Facebook, we know now, was never meant to be the product; we, its users were. Without us, the “product” would be worthless. Zuckerberg understood this in 2003, when he created the proto-Facebook site Facemash, built from photos of Harvard University women—Zuckerberg’s classmates and peers—and presented to users—presumed to be Harvard men—to vote on their attractiveness. In a Harvard Crimson story published after Zuckerberg beat an expulsion rap for violating students’ privacy in launching Facemash, two campus groups are reported to have opposed the site publicly: Fuerza Latina and the Association of Harvard Black Women. Zuckerberg changed course slightly, creating a site where he would not need to scrape photos off a server. We’d give them to him.
Losse herself was an early Facebook adopter, during the fall of her last year at Johns Hopkins when Facebook launched on her campus. Prior to using Facebook, she never associated her online activities with her legal name. “For women,” she writes, “there is no value in putting yourself online and offering yourself to strangers.” But women have long found ways to reap this worth for themselves, whether as fashion bloggers, porn stars, or attractive TED speakers. In performing some version of themselves online, pseudonymous or not, these women have earned their reputations and their rent.
Bonus extended mix if you want to time machine with me: the two Valleywag stories referenced in the essay, on photo-sharing site Zivity and the perils of “Girl Geek” networking.
Thanks to Sarah Leonard, the excellent editor on this, which appears as part of a feature section, The New Feminism, in the magazine and online.
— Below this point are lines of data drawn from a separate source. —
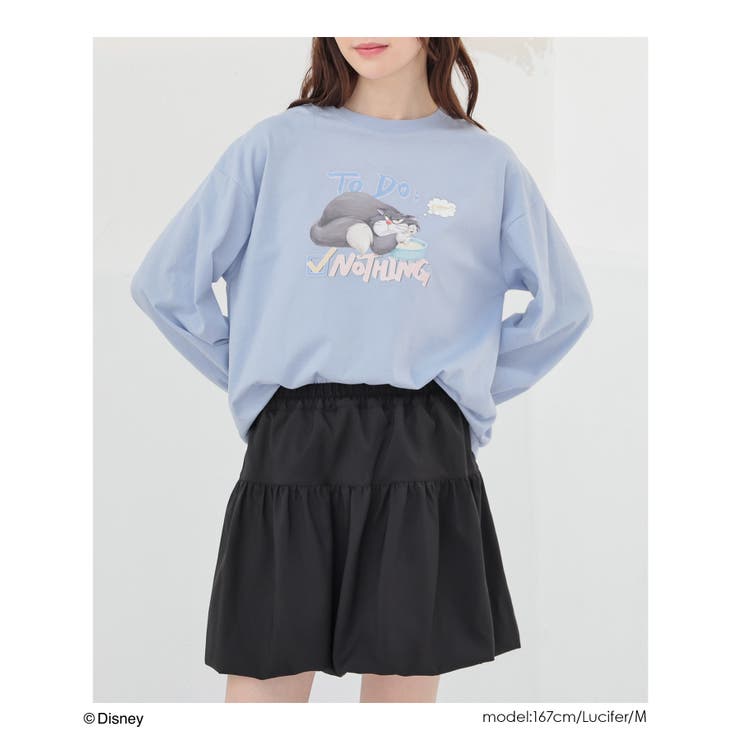 トップス Tシャツ ロンＴ | Honeys | 詳細画像6 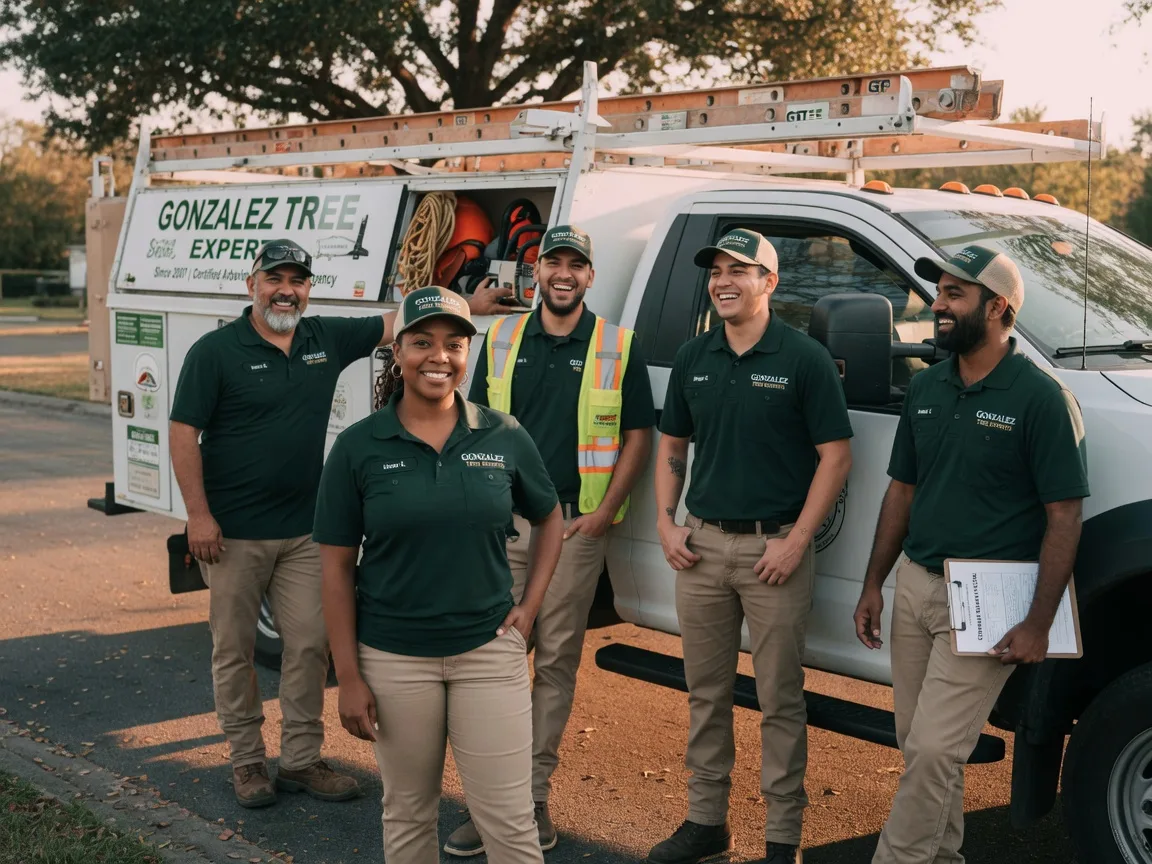 Tree Service company in Stockton, KS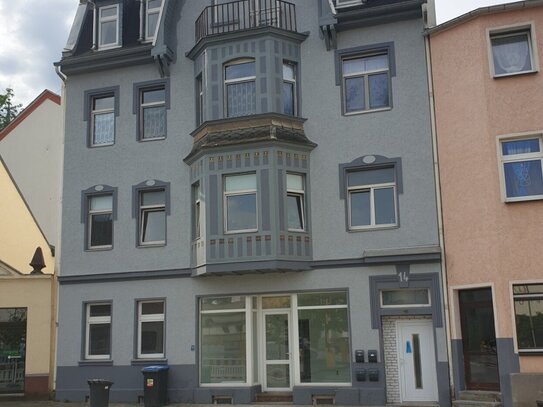 Familienwohnung im charmantem Altbau im Zentrum - neue Heizung!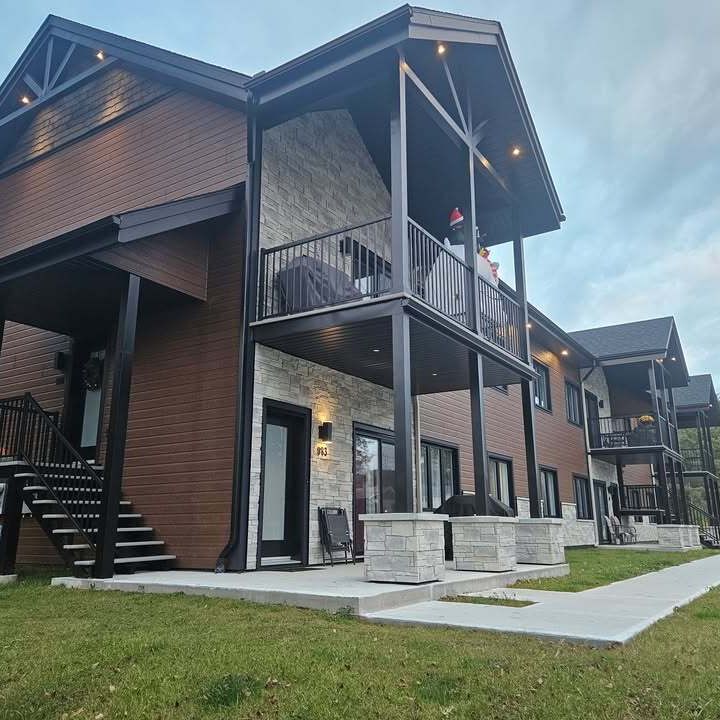 Logement 4 1/2 à Louer - Photo 1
You can read her essay on gendered labor and Marissa Mayer in the new Jacobin. Another great pairing for the piece is Sarah Jaffe’s “Cost to Connect,” at Rhizome, which we were writing over the same weeks, and I dig the overlaps in all these very much. You should also see some influence from Sarah Jaffe’s piece in this same issue of Dissent, on being on strike from feminism:
Whether it’s City Council speaker Christine Quinn in New York City blocking paid sick days or Marissa Mayer taking the helm at Yahoo or Shannon Eastin taking the job of a locked-out worker for less money, we have to recognize that some first steps are taken on the backs of workers, many of whom are also women.
And so we are at this point, where all too many feminists see “saving” sex workers as an appropriately feminist activity but not walking a picket line with striking teachers or nurses or hotel housekeepers. When Dominique Strauss-Kahn was accused of raping Nafissatou Diallo, a hotel housekeeper, feminists rallied to her defense, but that support hasn’t led to increased support for hotel worker unions even as Hyatt hotel workers engage in a nationwide boycott, even though UNITE HERE, the hotel workers’ union, supported Diallo and protects workers like her from being fired for speaking out against abuse. Instead, it led to too many swoons over Christine Lagarde, who took Strauss-Kahn’s place at the International Monetary Fund.
As long as feminists are lauding the ascension of women to boardrooms for equality’s sake and not questioning what happens in those boardrooms, true liberation is a long way off.
The biggest thanks of all, of course, go to Kate Losse for her very sharp book. Besides the tech and boys and fame she made me want to write about San Francisco again, the barely bygone years between 2005 and 2009 – which she absolutely nails, cameras in the air and all.